*YOUR OBJECTIVE:* Could you set down exactly the lines of the data below, starting at the one that holds "SBB Re 6/6 mit" and ending at the one that holds "Volkswagen Passat 10 of 19", both included, and only those?

*DATA RECORDS:*
───
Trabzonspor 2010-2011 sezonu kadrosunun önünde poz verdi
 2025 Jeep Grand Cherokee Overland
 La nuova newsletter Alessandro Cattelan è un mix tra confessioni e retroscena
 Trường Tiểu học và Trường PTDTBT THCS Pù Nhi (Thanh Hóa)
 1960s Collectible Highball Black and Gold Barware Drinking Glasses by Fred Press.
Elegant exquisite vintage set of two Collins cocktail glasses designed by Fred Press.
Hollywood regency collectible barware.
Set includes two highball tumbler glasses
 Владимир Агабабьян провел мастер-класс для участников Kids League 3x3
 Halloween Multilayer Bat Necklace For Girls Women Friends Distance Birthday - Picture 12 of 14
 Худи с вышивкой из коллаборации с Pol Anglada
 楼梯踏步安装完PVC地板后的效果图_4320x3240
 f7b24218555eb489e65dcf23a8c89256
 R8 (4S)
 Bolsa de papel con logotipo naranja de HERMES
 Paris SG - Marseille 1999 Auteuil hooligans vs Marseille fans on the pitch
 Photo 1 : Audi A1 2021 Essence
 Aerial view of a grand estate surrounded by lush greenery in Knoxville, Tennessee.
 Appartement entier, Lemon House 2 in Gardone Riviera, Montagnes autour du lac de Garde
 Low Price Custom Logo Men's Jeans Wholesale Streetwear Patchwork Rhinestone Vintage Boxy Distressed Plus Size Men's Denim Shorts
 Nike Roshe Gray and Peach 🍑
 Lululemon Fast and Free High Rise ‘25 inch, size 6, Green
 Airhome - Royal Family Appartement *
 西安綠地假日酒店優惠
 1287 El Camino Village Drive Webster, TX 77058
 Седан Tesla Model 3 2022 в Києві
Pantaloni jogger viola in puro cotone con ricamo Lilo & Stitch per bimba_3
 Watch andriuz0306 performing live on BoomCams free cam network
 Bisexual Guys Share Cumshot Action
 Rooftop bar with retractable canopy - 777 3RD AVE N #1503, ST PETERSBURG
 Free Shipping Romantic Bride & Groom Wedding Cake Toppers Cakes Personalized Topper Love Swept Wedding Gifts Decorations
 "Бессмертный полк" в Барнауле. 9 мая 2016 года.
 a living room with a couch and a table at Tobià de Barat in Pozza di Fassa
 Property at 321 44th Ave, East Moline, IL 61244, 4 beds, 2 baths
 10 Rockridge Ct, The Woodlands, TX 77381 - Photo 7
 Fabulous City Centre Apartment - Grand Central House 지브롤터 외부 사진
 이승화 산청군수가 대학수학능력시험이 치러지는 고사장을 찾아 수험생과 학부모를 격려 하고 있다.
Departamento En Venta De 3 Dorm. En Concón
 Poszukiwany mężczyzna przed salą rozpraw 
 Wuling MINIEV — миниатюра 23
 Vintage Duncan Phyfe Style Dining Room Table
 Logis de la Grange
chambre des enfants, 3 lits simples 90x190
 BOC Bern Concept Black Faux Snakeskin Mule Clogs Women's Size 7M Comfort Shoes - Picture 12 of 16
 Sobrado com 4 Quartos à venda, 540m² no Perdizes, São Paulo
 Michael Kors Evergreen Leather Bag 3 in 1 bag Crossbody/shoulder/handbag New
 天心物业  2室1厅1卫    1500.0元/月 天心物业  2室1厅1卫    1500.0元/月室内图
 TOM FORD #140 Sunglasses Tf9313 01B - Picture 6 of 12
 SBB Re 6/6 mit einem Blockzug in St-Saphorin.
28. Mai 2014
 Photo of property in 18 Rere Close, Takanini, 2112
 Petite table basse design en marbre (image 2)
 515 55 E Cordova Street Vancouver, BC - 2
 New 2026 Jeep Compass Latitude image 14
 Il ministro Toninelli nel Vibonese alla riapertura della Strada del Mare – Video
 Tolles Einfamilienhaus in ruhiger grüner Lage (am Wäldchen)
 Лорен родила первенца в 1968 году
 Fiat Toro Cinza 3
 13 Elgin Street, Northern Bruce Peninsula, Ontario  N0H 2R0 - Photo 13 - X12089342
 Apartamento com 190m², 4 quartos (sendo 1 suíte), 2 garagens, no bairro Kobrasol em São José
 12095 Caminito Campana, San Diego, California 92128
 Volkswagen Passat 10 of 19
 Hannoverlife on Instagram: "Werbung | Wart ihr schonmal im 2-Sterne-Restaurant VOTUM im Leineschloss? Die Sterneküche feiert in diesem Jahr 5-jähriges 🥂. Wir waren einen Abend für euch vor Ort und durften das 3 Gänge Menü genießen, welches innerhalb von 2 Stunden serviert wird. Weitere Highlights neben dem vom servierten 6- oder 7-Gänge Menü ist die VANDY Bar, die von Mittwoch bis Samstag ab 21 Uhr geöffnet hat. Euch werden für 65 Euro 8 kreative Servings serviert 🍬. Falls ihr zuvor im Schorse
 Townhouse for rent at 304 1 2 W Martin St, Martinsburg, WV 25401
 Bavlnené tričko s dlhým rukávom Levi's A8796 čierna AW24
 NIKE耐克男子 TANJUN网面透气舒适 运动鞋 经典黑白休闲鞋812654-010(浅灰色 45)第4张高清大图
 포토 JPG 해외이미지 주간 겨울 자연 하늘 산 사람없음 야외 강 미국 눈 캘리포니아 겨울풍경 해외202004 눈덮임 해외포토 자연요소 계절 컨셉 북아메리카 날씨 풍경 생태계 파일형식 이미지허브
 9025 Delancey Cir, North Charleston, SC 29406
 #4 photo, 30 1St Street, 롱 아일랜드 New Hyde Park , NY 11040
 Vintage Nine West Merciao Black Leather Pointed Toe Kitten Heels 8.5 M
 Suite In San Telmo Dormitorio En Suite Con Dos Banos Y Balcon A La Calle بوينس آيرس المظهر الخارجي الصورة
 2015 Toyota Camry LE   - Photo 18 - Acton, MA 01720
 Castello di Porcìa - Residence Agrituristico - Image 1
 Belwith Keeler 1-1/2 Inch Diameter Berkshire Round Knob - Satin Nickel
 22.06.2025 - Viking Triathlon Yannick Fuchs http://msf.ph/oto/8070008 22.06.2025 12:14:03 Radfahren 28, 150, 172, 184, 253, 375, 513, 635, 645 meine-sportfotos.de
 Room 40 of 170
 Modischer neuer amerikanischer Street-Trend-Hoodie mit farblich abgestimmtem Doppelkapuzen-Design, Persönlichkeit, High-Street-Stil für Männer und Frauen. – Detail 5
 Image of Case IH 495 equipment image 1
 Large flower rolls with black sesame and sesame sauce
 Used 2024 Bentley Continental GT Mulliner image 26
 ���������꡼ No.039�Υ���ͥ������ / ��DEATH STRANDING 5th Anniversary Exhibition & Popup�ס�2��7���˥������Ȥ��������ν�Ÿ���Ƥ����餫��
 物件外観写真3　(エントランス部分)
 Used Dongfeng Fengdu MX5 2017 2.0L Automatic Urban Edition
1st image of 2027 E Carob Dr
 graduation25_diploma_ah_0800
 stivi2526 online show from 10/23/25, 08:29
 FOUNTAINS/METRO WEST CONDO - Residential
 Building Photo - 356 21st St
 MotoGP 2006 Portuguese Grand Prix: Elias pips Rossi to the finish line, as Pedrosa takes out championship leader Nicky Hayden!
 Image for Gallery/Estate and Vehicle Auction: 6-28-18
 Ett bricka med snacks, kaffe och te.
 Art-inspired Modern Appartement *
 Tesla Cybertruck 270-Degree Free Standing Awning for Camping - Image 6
───
*EXERCISE SOLUTION:*
 SBB Re 6/6 mit einem Blockzug in St-Saphorin.
28. Mai 2014
 Photo of property in 18 Rere Close, Takanini, 2112
 Petite table basse design en marbre (image 2)
 515 55 E Cordova Street Vancouver, BC - 2
 New 2026 Jeep Compass Latitude image 14
 Il ministro Toninelli nel Vibonese alla riapertura della Strada del Mare – Video
 Tolles Einfamilienhaus in ruhiger grüner Lage (am Wäldchen)
 Лорен родила первенца в 1968 году
 Fiat Toro Cinza 3
 13 Elgin Street, Northern Bruce Peninsula, Ontario  N0H 2R0 - Photo 13 - X12089342
 Apartamento com 190m², 4 quartos (sendo 1 suíte), 2 garagens, no bairro Kobrasol em São José
 12095 Caminito Campana, San Diego, California 92128
 Volkswagen Passat 10 of 19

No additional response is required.